Create the new directories and set permissions:

$ sudo -u hdfs hadoop fs -mkdir -p /tmp/hadoop-yarn/staging/history/done_intermediate
$ sudo -u hdfs hadoop fs -chown -R mapred:mapred /tmp/hadoop-yarn/staging
$ sudo -u hdfs hadoop fs -chmod -R 1777 /tmp
$ sudo -u hdfs hadoop fs -mkdir -p /var/log/hadoop-yarn
$ sudo -u hdfs hadoop fs -chown yarn:mapred /var/log/hadoop-yarn

Note: You need to create /var/log/hadoop/yarn because it is the parent of /var/log/hadoop-yarn/apps which is explicitly configured in yarn-site.xml.

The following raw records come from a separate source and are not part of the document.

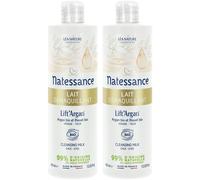 Lift Argan® Lait démaquillant douceur visage et yeux bio 2x400 ml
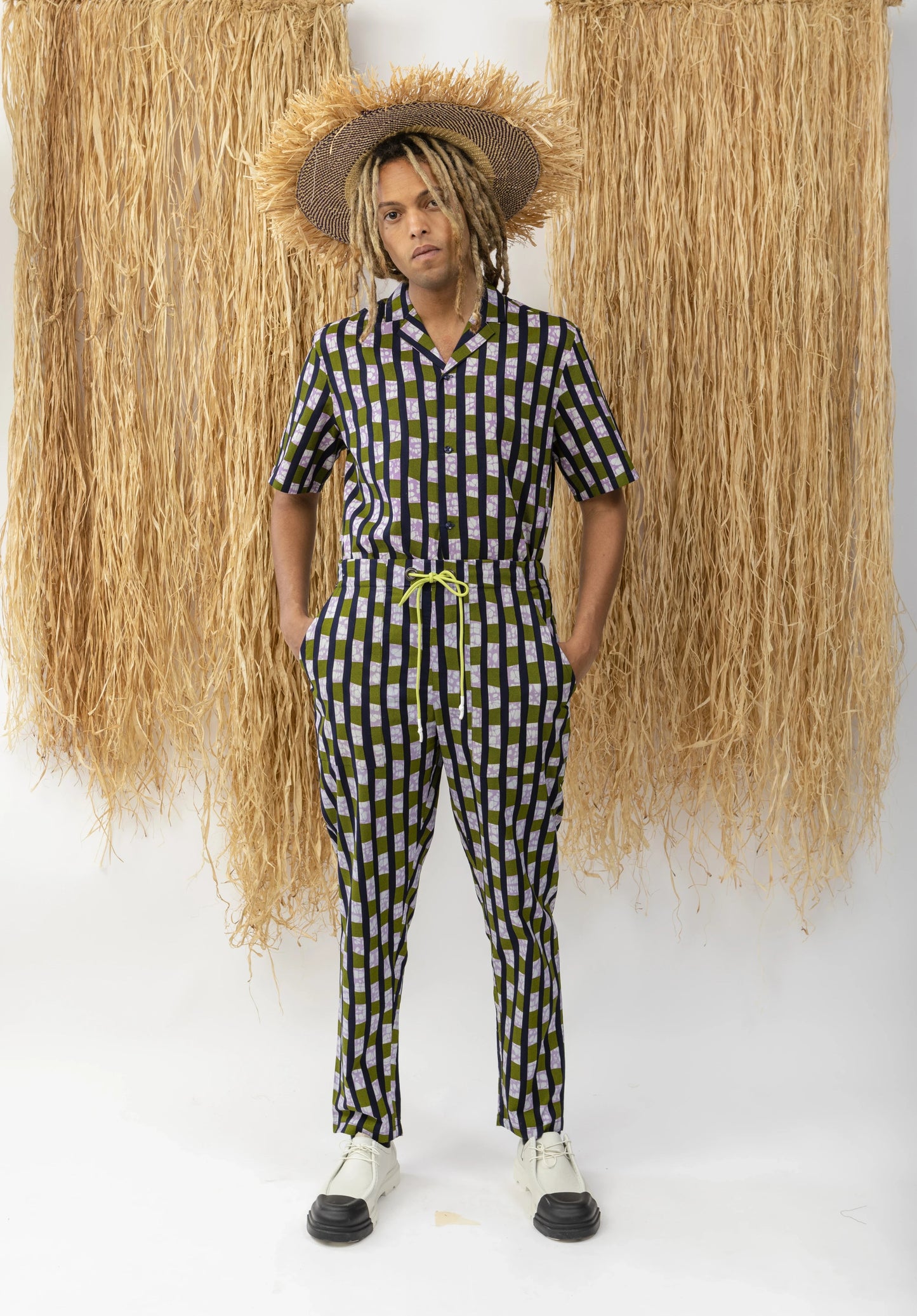 Cuban Shirt Multi New LaurenceAirline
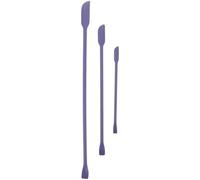 ADOCARN 3pcs Silicone Spatula Mini Makeup Spatulas for Cosmetic Application Small Beauty Tools as Bottle Scraper for Skincare Routine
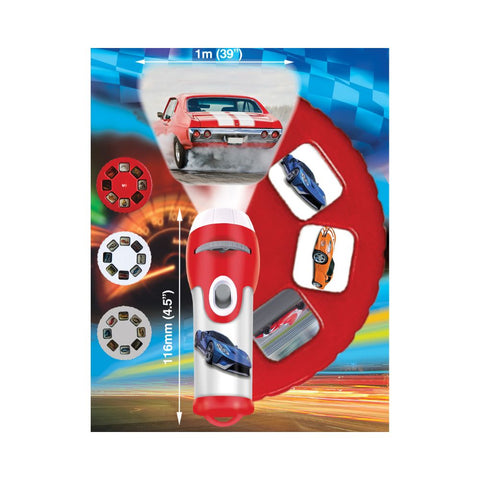 Brainstorm Toys - Super Cars Torch & Projector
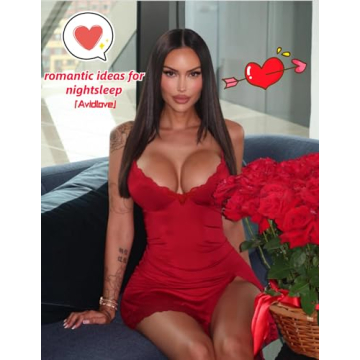 Avidlove Sexy Lace Nightgown for Ultimate Comfort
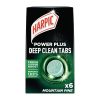 Harpic Power Plus Deep Clean Tabs Mountain Pine 6 Pack (JA860)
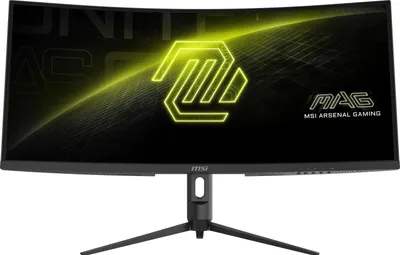 Produktbild von Gaming Monitor, MSI MAG342CQR E2, 34 Zoll, WQHD, 180Hz, 1ms, VA Panel, FreeSync Premium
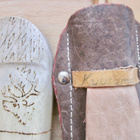 VANHA Puukko Lappalainen Kuusamo PITKÄ n. 37 cm UPEA - pikkukuva 3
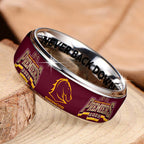 Brisbane Broncos Premiers 2025 Custom Alloy Ring – TANTN17264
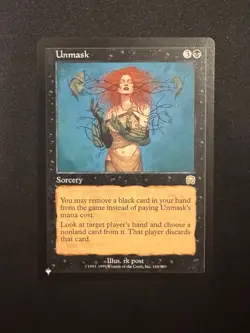 Unmask #168/350 (NM) List Reprints LIST LIST Magic MTG - Image 1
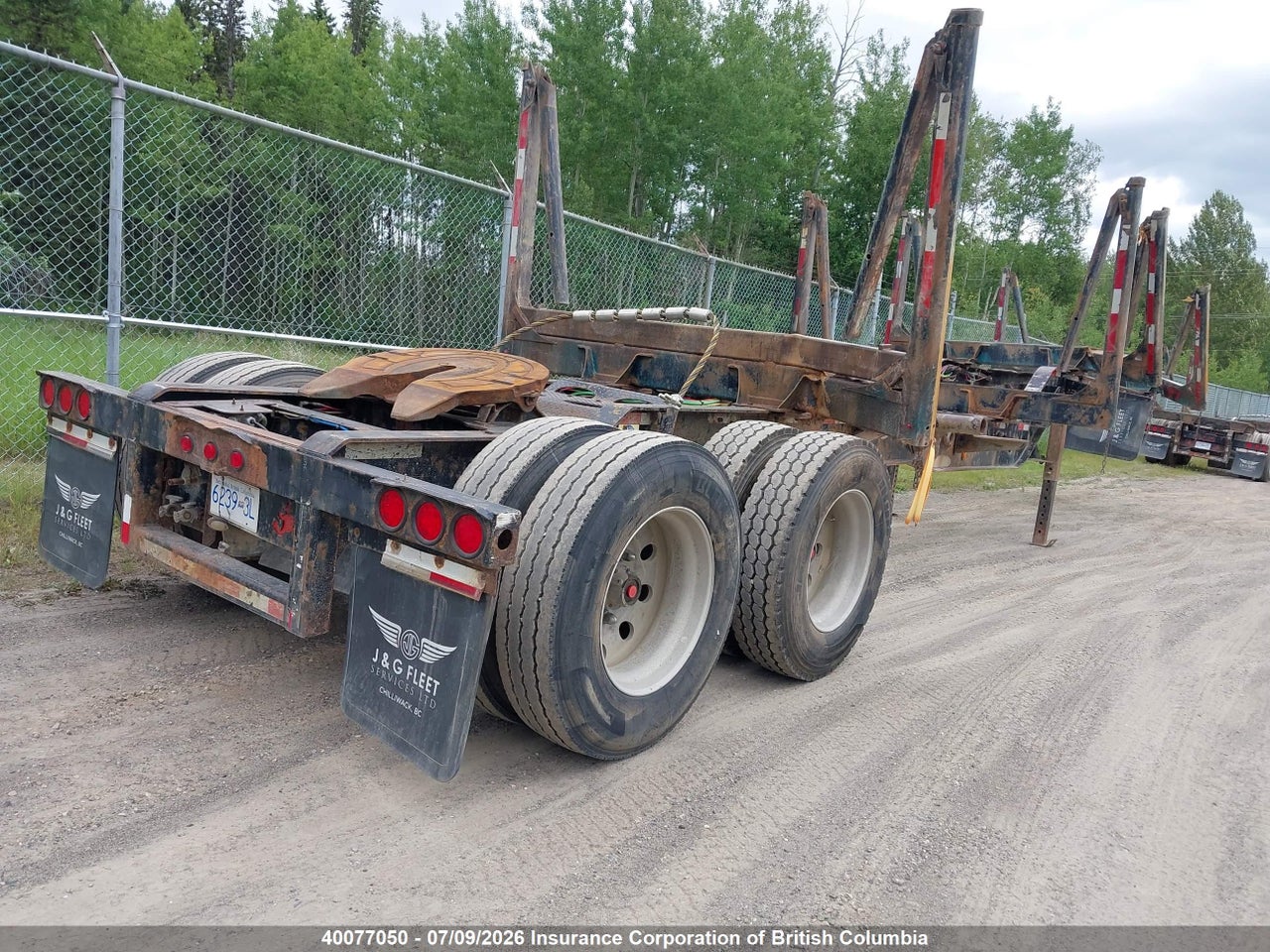 2017 PEERLESS LOGGING TRAILER thumbnail 5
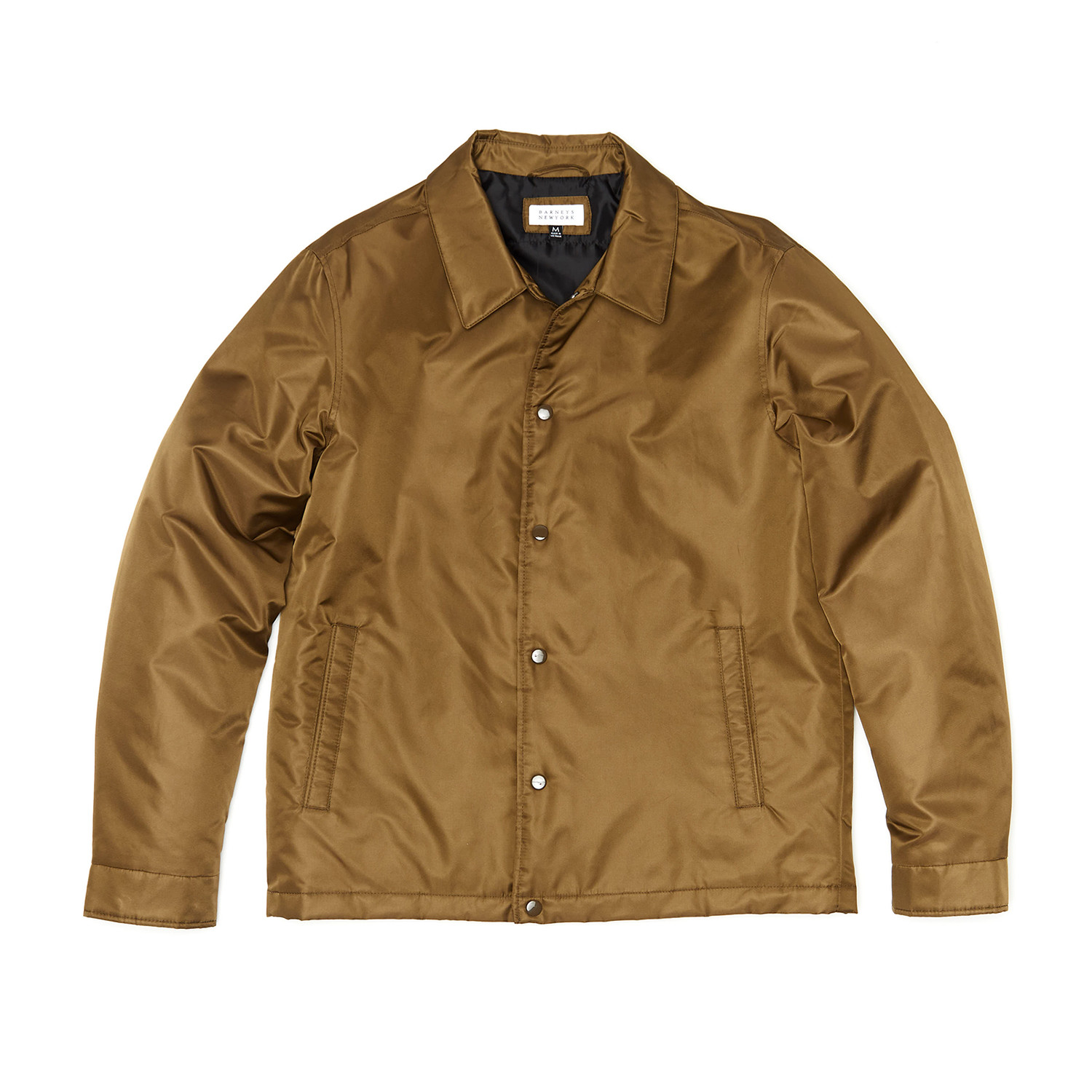Barneys New York // Coach's Jacket // Khaki (S) - Clearance: Outerwear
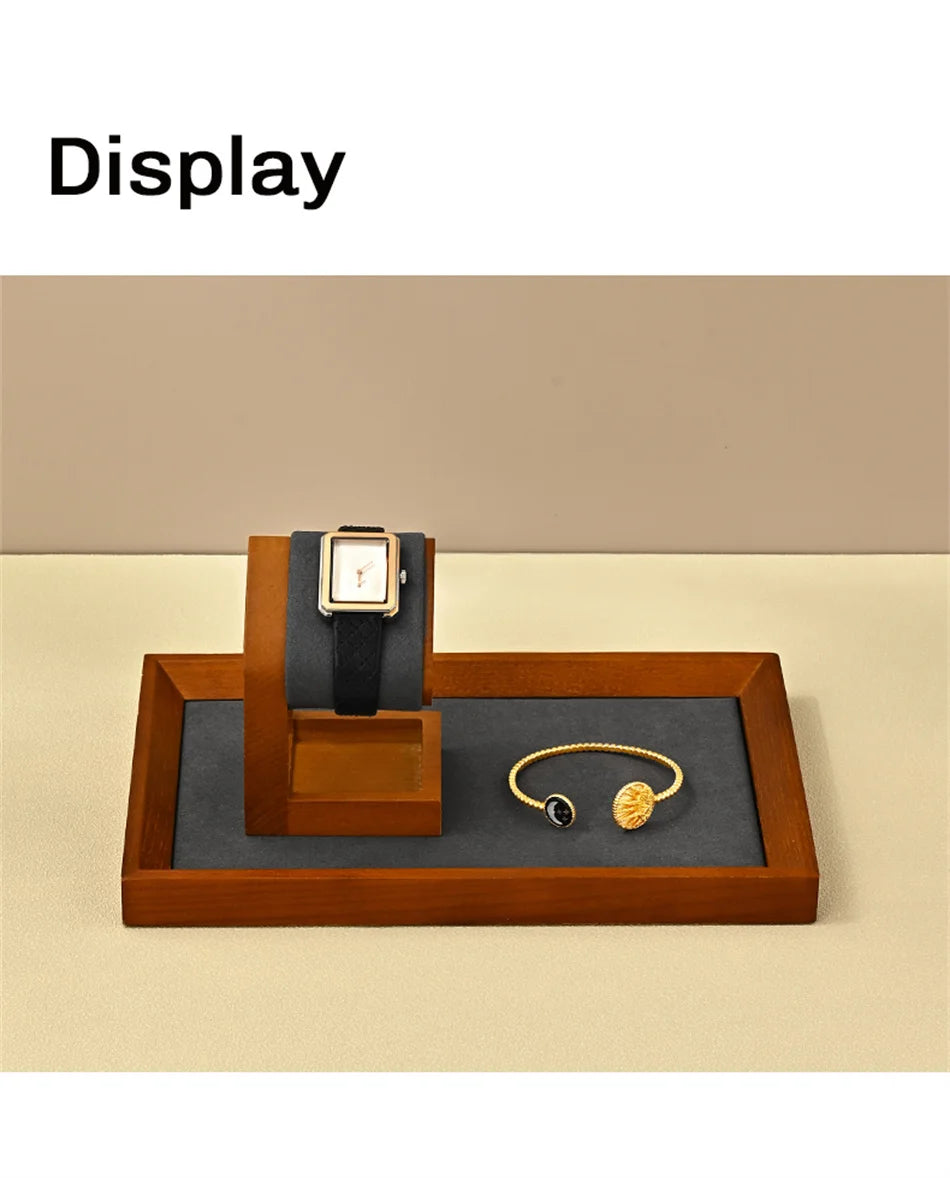 Wooden Watch Stand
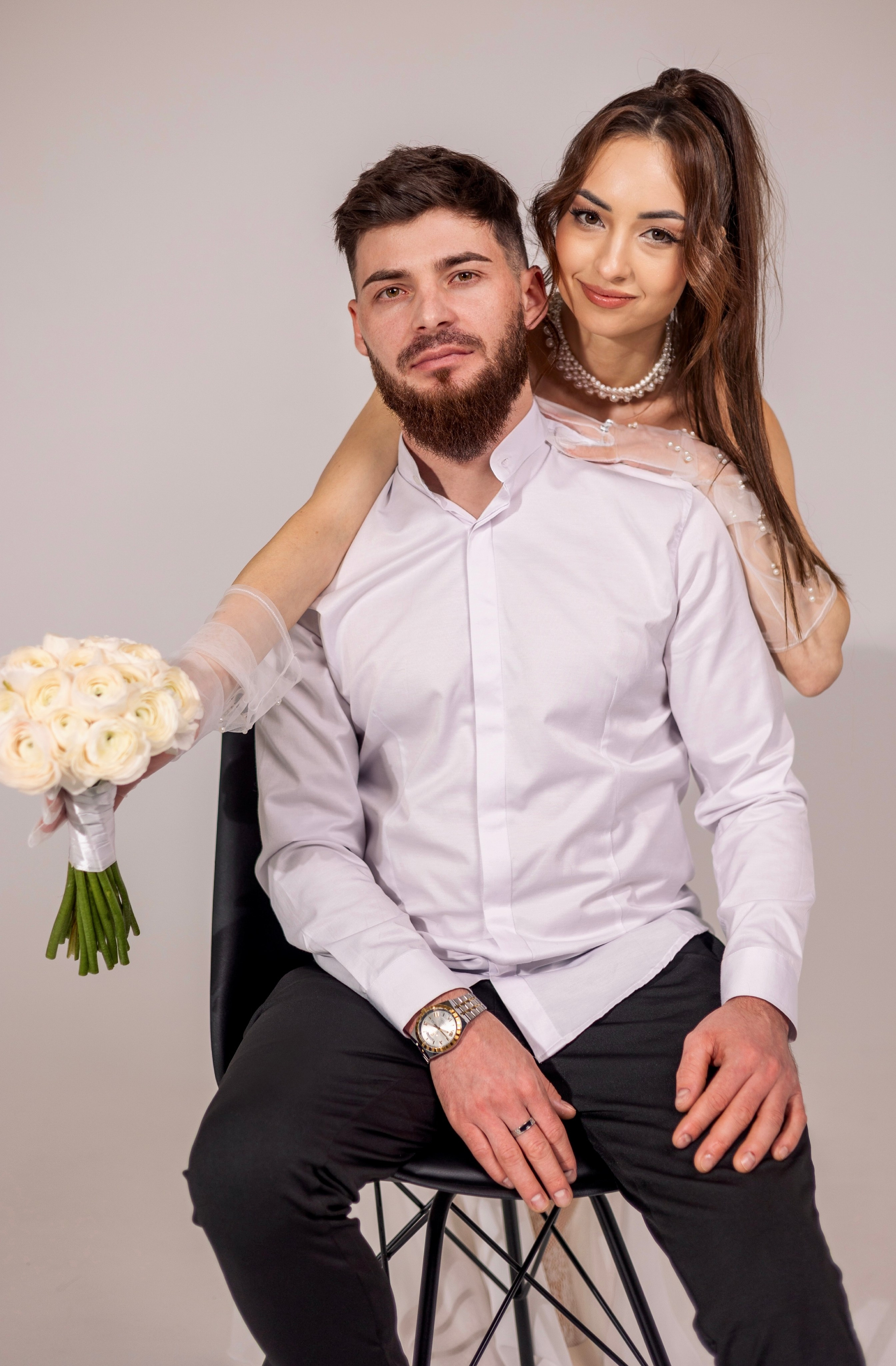 Samir & Mădălina. Modele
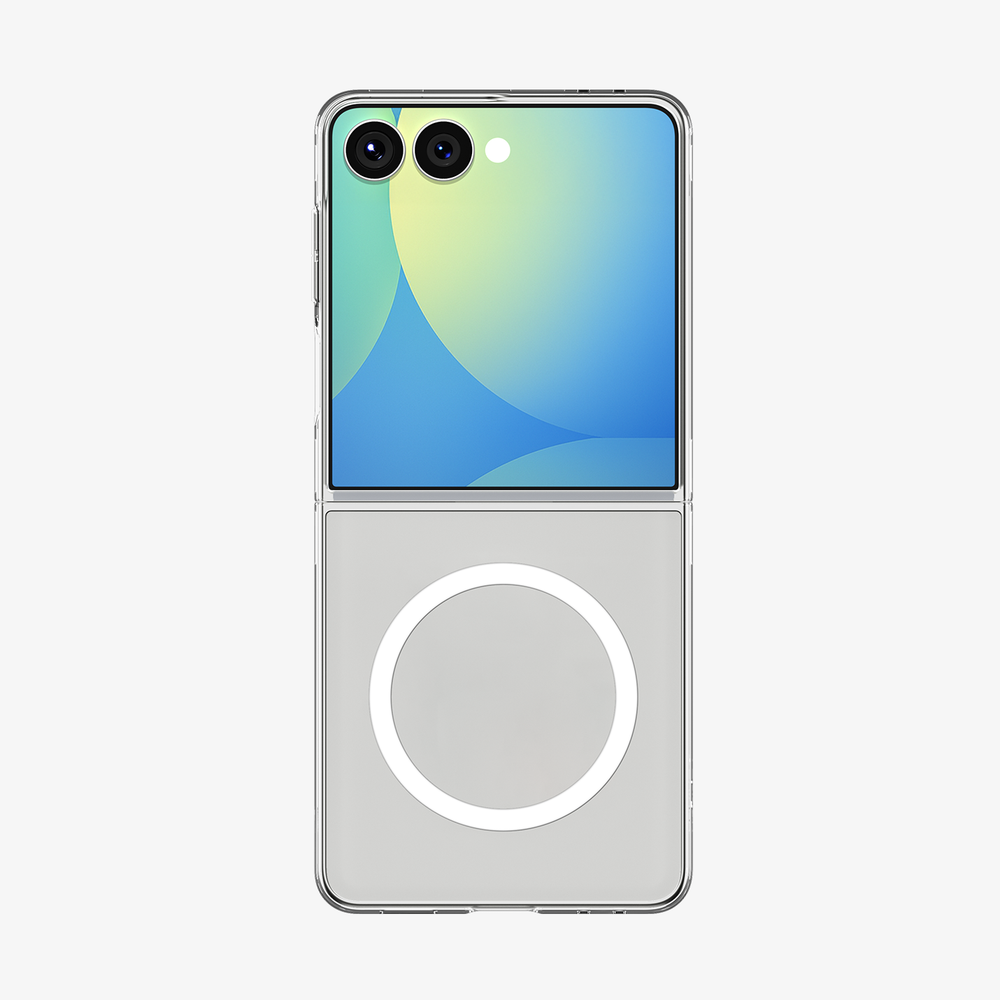 Galaxy Z Flip 7 Case Crystal Shell MagFit - Spigen.com Official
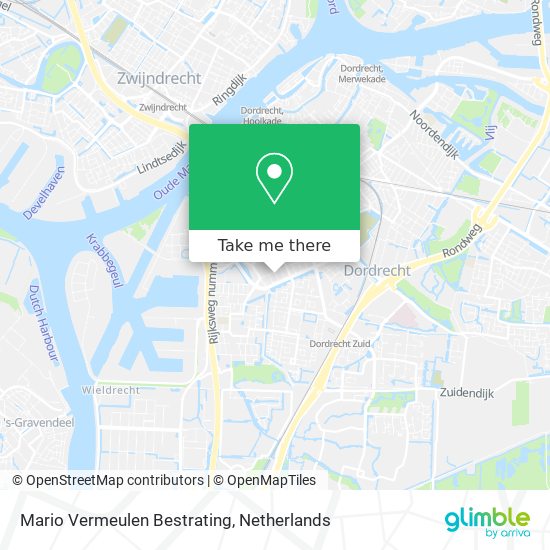 Mario Vermeulen Bestrating map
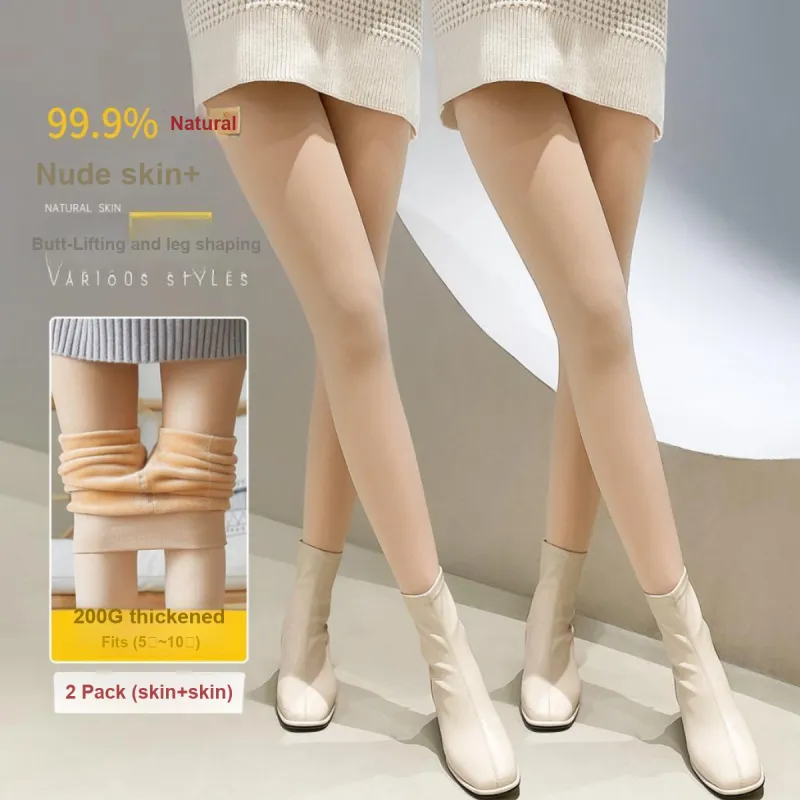 JUNEROSE Pantyhose Women's 2 Pack-8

Step 4: Verify the HDFS File Structure:

Run the following command:

$ sudo -u hdfs hadoop fs -ls -R /

You should see the following directory structure:

drwxrwxrwt - hdfs supergroup 0 2012-05-31 15:31 /tmp
drwxr-xr-x - hdfs supergroup 0 2012-05-31 15:31 /tmp/hadoop-yarn
drwxrwxrwt - mapred mapred 0 2012-05-31 15:31 /tmp/hadoop-yarn/staging
drwxr-xr-x - mapred mapred 0 2012-05-31 15:31 /tmp/hadoop-yarn/staging/history
drwxrwxrwt - mapred mapred 0 2012-05-31 15:31 /tmp/hadoop-yarn/staging/history/done_intermediate
drwxr-xr-x - hdfs supergroup 0 2012-05-31 15:31 /var
drwxr-xr-x - hdfs supergroup 0 2012-05-31 15:31 /var/log
drwxr-xr-x - yarn mapred 0 2012-05-31 15:31 /var/log/hadoop-yarn

Step 5: Start YARN

$ sudo service hadoop-yarn-resourcemanager start
$ sudo service hadoop-yarn-nodemanager start
$ sudo service hadoop-mapreduce-historyserver start

Step 6: Create User Directories

Create a home directory for each MapReduce user. It is best to do this on the NameNode; for example:

$ sudo -u hdfs hadoop fs -mkdir /user/<user>
$ sudo -u hdfs hadoop fs -chown <user> /user/<user>

where <user> is the Linux username of each user.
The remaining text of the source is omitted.